GIVEN DATA:
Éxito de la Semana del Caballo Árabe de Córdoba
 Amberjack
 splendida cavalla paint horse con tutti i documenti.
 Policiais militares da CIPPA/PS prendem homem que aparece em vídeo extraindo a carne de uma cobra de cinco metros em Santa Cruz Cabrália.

REQUIRED WORK: All of the material should be copied verbatim.

ANSWER AREA:
Éxito de la Semana del Caballo Árabe de Córdoba
 Amberjack
 splendida cavalla paint horse con tutti i documenti.
 Policiais militares da CIPPA/PS prendem homem que aparece em vídeo extraindo a carne de uma cobra de cinco metros em Santa Cruz Cabrália.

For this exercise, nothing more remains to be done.